On August 9, Solana validator Laine posted on X that a “critical security vulnerability” had been addressed by developers, validators, and client teams working within the Solana ecosystem. Laine adds, “this public disclosure occured after a supermajority of stake had already been patched to protect the network.”
Anatomy of a patch
In the past few hours a critical security vulnerability and patch were disclosed on Solana, this public disclosure occured after a supermajority of stake had already been patched to protect the network. Let’s look at how this process unfolded and how 70% of…
— Laine ❤️ stakewiz.com (@laine_sa_) August 9, 2024
The Solana Foundation began the process on August 7 by discreetly contacting well-known network operators as part of a covert plan to prevent the vulnerability from being exploited. The fix was made public through the Anza engineers’ GitHub repository, allowing operators to check and apply the changes independently.

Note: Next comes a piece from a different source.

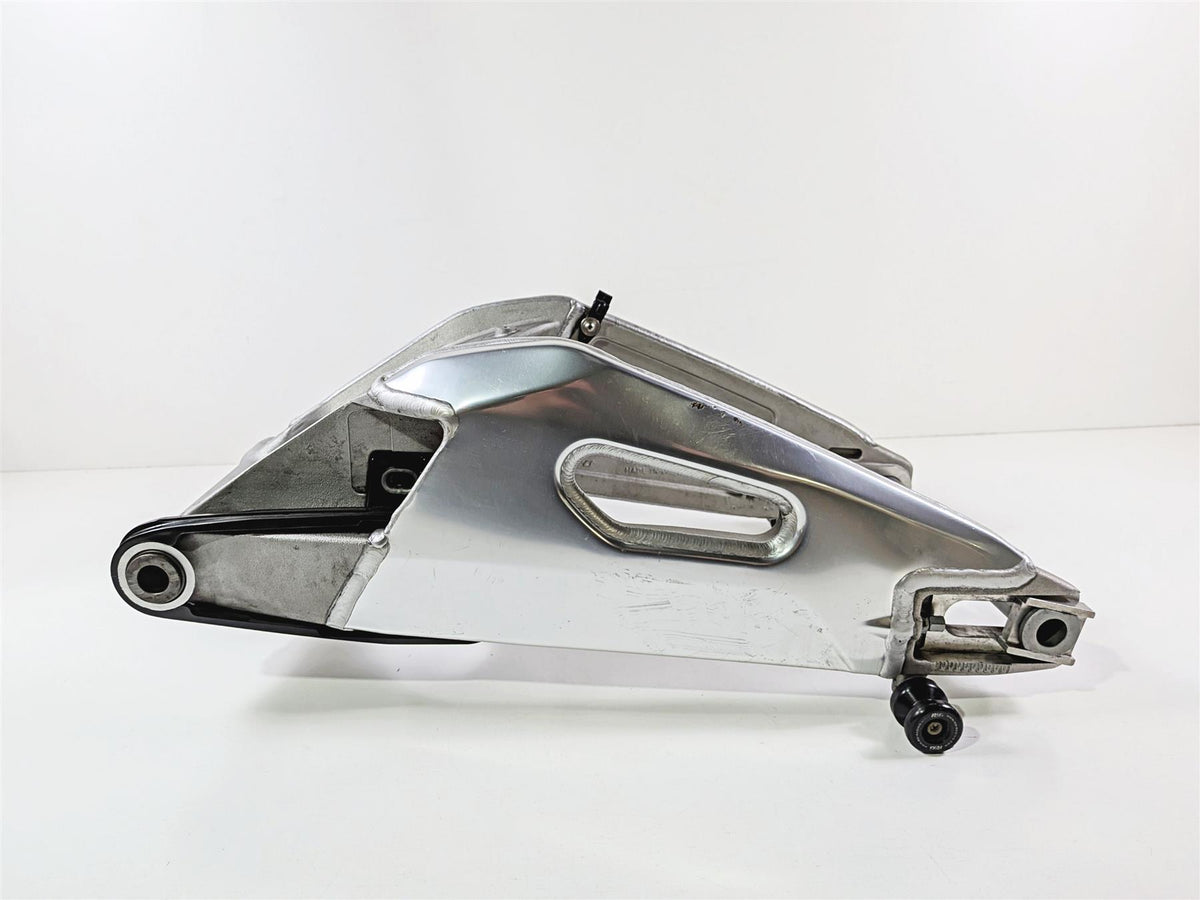 2016 Aprilia RSV 1100 Tuono V4 Factory Rear Swingarm Swing Arm & Axle 2B001289 {{ shop.shopifyCountryName }} - Mototech271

“The first message was received on Wednesday, 7 August 2024 at 14:56 UTC, advising of an upcoming critical patch and sharing a hashed message confirming the date and unique identifier of the incident […] The message provided a specific date and time at which to expect receipt of the patch in order to urgently apply this to Mainnet nodes to protect the network, as the patch itself discloses the vulnerability, time therefore being critical once it is first circulated.” Laine
According to Laine, the vulnerability could have caused an outage on the Solana network. The validator stated that the fix addresses the vulnerability. As a result, if the patch leaked, an attacker could attempt to reverse engineer the vulnerability, potentially ‘halting the network.’
The silent Solana patch has sparked discord; however, the majority believe it was the right decision to avoid a breach. The Solana network has experienced past outages. For example, on February 6, the network experienced an outage, with block production halting for more than five hours. This had an impact on crypto exchanges, with some suspending deposits and withdrawals for Solana-based tokens.